Bliem Kern
Courtesy Poetry Foundation.
Astrologo di professione, è abituato a ricorrere a formule o riti lontani dai normali condizionamenti comportamentali. Il suo ke kee kee alahbo, è il tentativo di aprire un dialogo con Dio. Il sottotitolo recita Who scares God? perché per entrare in contatto con un’entità superiore a noi occorre utilizzare non il nostro usuale discorrere ma un qualcosa che ancora non esista.
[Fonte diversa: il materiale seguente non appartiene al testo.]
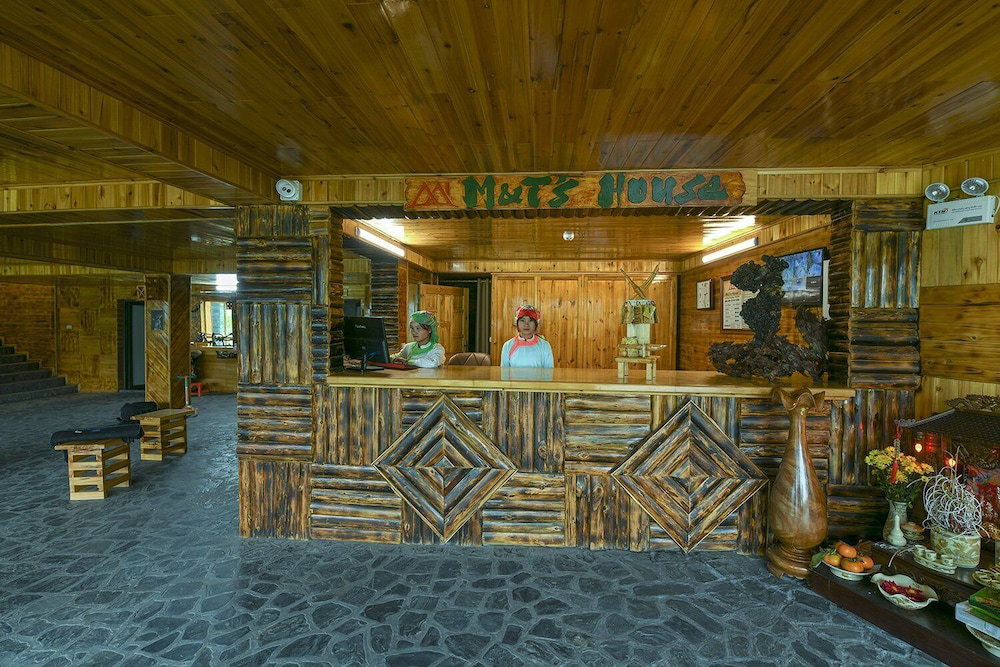 Mt House Sa Pa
Ecco allora l’ooloo «a poetic language synthesized by Kern himself», molto frammentato, e strutturato con una secca accentuazione . Dando un’occhiata allo schema d’esecuzione come io amo chiamare ciò che gli altri chiamano spartito, per me un errore basilare perché la definizione di spartito richiama la musica che, come è noto, non c’entra per nulla con la poesia sonora. Allora lo schema d’esecuzione del brano qui compendiato, oscilla tra suoni gutturali, monosillabi quasi onomatopee e parole comuni come thought, butterfly e Gods. E nel pezzo corrispondente, la ripetizione ossessiva del lacerto et vous fortemente echizzato al limite del rumorismo sembra quasi un invito a seguirlo lungo questa strada alla ricerca di Dio, una domanda retorica come dire «e voi che fate?», una domanda coinvolgente cui non si può non rispondere. Assume importanza primaria nel suo lavoro la tematica mistica come si evince da una dichiarazione di poetica apparsa in Poetry Australia n.59 del 1976, dove la disposizione del testo, stampato secondo i dettami della poesia concreta, ci rammenta un’immagine divina in preghiera. Qui si legge un verso sibillino «death rebirth prosperous crops», e allora l’ooloo language potrebbe essere proprio la parlata adottata dopo la reincarnazione.